Tuesday, December 15, 2009
Gay is the New Black
Few weeks ago I went to join the 1st model and fashion congress in Festival Mall, Alabang for a go-see.
After registration, you had to pose for the different agencies and if they liked you they would get your stats and contact info and they would also take pictures of you for their compilation.
Aspiring models would also need to show their walk for a particular brand for the fashion walk-off the following day.
They had to find tall ramp models for Wedding gowns. Yah, you read it right WEDDING GOWNS. The idea of walking in wedding makes me laugh. But since I was there already, I decided to take the opportunity. So I imagine wedding gown and hit the runway, walk a lil bit slowly, booty out, smiling with the eyes.
They needed additional 10 models, We were like more than 20 hopefuls that day. After announcing the number of the first seven selected models (which didn’t include me) they had to pause and they were like comteplating about the next 3 models. There was a few minutes of discussion and then I saw one of the panel excused herself to call someone from her cellphone. After few minutes, she put an OK sign in the air. And they announced “191” my number! It was a enlivening. Yes I idid it! I made it.
They got all our informaion and contact number. We were told about the talent fee. And we were advised to wait for an hour for the fitting. I was very excited. I already imagining myself in very pristine wedding gown.

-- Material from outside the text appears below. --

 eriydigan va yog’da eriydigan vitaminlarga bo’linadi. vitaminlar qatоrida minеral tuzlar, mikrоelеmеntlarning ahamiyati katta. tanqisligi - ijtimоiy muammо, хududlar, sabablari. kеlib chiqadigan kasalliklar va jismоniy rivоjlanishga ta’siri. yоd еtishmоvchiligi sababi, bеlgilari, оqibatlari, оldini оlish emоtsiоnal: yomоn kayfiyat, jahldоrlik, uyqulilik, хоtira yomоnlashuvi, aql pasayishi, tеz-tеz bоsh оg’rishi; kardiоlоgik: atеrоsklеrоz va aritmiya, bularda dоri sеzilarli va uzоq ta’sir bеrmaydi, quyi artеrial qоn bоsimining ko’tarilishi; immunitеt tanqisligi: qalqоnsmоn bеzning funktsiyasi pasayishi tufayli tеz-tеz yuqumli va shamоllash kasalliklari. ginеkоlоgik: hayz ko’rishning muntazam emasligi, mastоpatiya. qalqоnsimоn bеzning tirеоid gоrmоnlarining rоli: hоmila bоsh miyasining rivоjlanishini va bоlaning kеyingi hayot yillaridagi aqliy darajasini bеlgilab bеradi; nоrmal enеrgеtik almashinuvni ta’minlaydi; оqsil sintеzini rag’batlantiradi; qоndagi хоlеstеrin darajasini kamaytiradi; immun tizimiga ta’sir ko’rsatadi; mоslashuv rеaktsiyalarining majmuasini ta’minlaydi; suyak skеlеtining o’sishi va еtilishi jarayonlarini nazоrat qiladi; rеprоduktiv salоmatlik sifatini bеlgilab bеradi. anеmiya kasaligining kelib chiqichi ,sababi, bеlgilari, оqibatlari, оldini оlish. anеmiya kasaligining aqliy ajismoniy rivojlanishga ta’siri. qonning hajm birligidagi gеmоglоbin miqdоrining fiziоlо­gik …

After an hour, we were instructed go back on stage but suddenly the director called my attention and said “191, I have some bad news. Im sorry we don’t want to dishearten you, but the client called back, and they decided not to hire you for the job. We like your walk and we belive in you and its happenning today. I know it might disappoint you.”
I just said “I understand completely. I hope you will still give me another chance.”
Marex (I asked his name) said: definitely “we have your number naman, so definitely there will be another chance.”
I walked away from what ithought would be a defining moment and went home.
On my way home, I couldn’t help but ponder about why do I keep on doing this to myself. This is not the first time that a door was slammed into my face because of what I am and what I decided to embrace and live in.. Am I some kind of a masochist to endure all of that? Then, I remembered Tyra Banks utter on her show. GAY is the new BLACK, which I totally agree with. When she was starting in this industry, it was not easy for her to breakthrough. She always says that there doors slammed into her face, but there are windows, a back door, a cellar, a rooftop, a chimnney. Its not only through the front door that we can get in. And that is what I’m feeling about this endevour and her words is what I am holding on to. (with that I know my friend Alex will understand why I still love Tyra no matter what).
Yes there are obstacles, but should I let it stop me to do what I want to do? To fulfill what I feel I am bound to fulfill.
It took me blood, sweat and tears to shrink myself from size 5 to size 2. And to clear my skin from all the acne, just so I can have the confidence to show my talent and muster all my nerves to strut my pose,and do the catwalk. Should I let all my efforts be put into waist? Should I just accept that Gays(Transgender) can never grace the runway, billboards,and magazines especially here in the Philippines and they are just workers in the background never in the spotlight?
I’m not getting any younger. Tell me the answers.